This report is a flexible summary, with the aim of sharing and highlighting a wide range of data and policy information relating to London general practice published in a given week. Where we view information to be of significant interest it is reproduced directly below the links to make the key points quicker to digest.
Please feel free to share any useful stats/links you think we could include in future reports.
Official bodies
NHS Digital
- All recent data releases can be seen here.
- Consultation: Consultation on proposed amendment to the 2025/26 NHS Payment Scheme [11/8].
- Letter:Graduate guarantee for newly qualified nurses and midwives [12/8].
- Regulatory:NHS provider directory and registers of licensed healthcare providers[12/8].
- Guidance:Industrial action in the NHS [14/8].
Department of Health and Social Care
- Guidance:Medicines eligible for Northern Ireland MHRA Authorised Route [11/8].
- Press release:Job boost for newly qualified nurses and midwives[11/8].
- Thousands of new jobs will be unlocked across the healthcare sector to make sure there are enough jobs for every newly qualified nurse and midwife in England.
- Guidance: Survey of adult carers in England 2025 to 2026 [12/8].
- Guidance:Healthcare education and training tariff: 2025 to 2026[14/8].
- Information about what the tariffs cover, how to use the tariffs and in what circumstances the national tariffs may be varied.
- Press release: Government works with TikTok to help safety for treatments abroad [15/8].
UK Health Security Agency
- Guidance:Mpox: affected countries[13/8].
- News: Rise in chikungunya cases in UK travellers returning from abroad [14/8].
- Guidance:Influenza vaccines marketed in the UK[14/8].
Medicines and Healthcare products Regulatory Agency
- Notice: Register of brokers authorised to deal in human medicines [11/8].
- News:MHRA approves teplizumab to delay progression of type 1 diabetes [14/8].
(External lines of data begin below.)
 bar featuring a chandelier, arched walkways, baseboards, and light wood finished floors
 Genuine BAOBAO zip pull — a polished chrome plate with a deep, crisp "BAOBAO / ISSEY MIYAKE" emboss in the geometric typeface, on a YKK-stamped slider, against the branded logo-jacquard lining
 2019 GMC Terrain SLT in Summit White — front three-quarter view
Policy, think tanks, charities, and representative bodies
The King’s Fund
- What impact do strikes have on the NHS? [14/8].
- This blog highlights that NHS strikes have led to over 1.3 million rescheduled appointments and cost at least £1.5 billion. Beyond financial impact, strikes have strained staff morale, disrupted care, and affected public trust—underscoring the urgent need for renewed negotiations and long-term workforce solutions.
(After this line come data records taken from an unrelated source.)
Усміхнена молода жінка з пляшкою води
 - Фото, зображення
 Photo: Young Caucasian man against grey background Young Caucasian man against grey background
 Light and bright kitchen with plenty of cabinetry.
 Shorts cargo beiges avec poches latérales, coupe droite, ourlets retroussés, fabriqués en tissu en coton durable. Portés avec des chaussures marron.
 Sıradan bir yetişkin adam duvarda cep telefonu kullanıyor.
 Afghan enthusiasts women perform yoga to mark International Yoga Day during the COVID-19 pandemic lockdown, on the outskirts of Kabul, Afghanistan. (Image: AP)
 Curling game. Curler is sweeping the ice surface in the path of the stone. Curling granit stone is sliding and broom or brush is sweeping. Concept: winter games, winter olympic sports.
- Do we really understand what a healthy weight looks like for all ethnicities? [14/8].
- This blog questions whether current BMI benchmarks accurately reflect healthy weight across all ethnicities. It highlights that BMI standards are based on White populations and often exclude people from Mixed or Other ethnic backgrounds, despite their growing numbers in the UK. NICE introduced ethnicity-specific BMI thresholds in 2023, but evidence gaps and the fluid nature of ethnic identity make these benchmarks problematic. The blog argues for more inclusive, flexible health measures that reflect the UK’s increasing ethnic diversity and avoid one-size-fits-all approaches to defining healthy weight.
The Health Foundation
- The hidden work in health care: unpaid overtime in the NHS [15/8].
- This blog highlights the scale and impact of unpaid overtime—often called “discretionary effort”—among NHS staff. For over 20 years, around half of NHS workers have regularly worked beyond their contracted hours, helping maintain care quality despite staffing gaps. However, since the COVID-19 pandemic, this discretionary effort has declined, with fewer staff reporting unpaid hours. In 2024, unpaid work was equivalent to the workload of at least 33,000 full-time staff, down from 38,500 in 2021. The blog warns that NHS planning often overlooks this hidden labour, and future workforce strategies must account for changing staff motivation and capacity to sustain productivity.
- Action on healthier working lives must begin with accessible and inclusive workplaces [13/8].
- This blog argues that improving working lives must start with making workplaces more accessible. It highlights the persistent disability employment gap and calls for proactive adjustments, reforms to support schemes, and inclusion of disabled voices in shaping policy—all to create fairer, more inclusive work environments.
Nuffield Trust
- Why is the planned care waiting list coming down and what does the data really tell us? [13/8].
- This blog explains that the recent drop in the NHS planned care waiting list is mainly due to administrative removals rather than improved treatment rates. More patients are still being added than treated, and data quirks—like pathway clean-ups—are making the list appear smaller without reflecting real progress in care delivery.